■ Requirement
Below this line is a listing that includes pictures. Copy exactly, and only, the lines from the one containing "Fresh ripe pear" through the one containing "Leopardgecko, Eublepharis Macularius, HIGH"; the pictures do not go in the copy.

■ Provided entries
>>

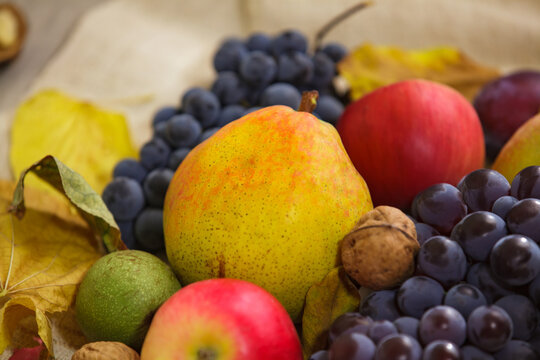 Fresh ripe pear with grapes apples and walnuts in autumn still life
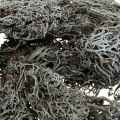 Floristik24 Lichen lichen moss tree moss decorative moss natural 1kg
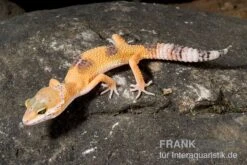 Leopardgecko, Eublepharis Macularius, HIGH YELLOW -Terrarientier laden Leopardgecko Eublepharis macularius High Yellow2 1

<<
>>

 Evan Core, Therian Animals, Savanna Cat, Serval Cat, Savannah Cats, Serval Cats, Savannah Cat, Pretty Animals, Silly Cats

<<
>>

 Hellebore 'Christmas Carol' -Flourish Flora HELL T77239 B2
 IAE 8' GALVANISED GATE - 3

<<

■ Answer space
 Fresh ripe pear with grapes apples and walnuts in autumn still life
 Floristik24 Lichen lichen moss tree moss decorative moss natural 1kg
 Leopardgecko, Eublepharis Macularius, HIGH YELLOW -Terrarientier laden Leopardgecko Eublepharis macularius High Yellow2 1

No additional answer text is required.